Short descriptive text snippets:

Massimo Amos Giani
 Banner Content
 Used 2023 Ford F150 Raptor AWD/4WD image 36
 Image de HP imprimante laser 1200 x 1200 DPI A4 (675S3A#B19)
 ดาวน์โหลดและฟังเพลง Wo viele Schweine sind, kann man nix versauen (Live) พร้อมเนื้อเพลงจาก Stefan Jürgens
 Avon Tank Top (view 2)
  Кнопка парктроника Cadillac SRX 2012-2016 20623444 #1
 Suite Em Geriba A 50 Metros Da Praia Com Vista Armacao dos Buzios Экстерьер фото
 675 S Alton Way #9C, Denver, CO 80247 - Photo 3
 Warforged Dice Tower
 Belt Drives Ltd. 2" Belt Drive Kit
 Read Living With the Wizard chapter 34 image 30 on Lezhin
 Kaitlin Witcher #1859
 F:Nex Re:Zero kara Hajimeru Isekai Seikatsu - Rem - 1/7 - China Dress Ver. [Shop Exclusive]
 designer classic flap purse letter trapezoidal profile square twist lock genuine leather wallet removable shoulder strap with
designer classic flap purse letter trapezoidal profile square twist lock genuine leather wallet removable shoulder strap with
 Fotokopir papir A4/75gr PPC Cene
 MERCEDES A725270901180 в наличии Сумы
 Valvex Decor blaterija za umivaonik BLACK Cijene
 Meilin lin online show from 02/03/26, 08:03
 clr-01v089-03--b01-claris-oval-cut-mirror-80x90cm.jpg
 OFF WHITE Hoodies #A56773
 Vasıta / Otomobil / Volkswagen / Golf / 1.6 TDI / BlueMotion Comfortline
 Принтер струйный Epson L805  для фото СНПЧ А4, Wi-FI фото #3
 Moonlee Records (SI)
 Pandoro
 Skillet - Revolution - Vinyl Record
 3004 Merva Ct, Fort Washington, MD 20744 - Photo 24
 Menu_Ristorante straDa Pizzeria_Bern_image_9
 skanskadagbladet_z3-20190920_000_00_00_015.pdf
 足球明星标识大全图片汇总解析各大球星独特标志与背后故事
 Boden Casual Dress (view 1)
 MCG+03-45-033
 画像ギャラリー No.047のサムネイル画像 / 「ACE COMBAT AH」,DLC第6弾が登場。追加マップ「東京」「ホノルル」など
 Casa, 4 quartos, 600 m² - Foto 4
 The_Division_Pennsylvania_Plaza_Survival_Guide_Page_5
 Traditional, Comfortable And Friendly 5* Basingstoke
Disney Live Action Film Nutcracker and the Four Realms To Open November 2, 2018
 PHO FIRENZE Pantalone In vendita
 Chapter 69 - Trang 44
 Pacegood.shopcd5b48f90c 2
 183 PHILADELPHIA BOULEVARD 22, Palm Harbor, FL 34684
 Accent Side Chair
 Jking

PROBLEM TO WORK ON:
Return the number of lines containing the word "purse" in these records, with no additional output.

ANSWER BELOW:
2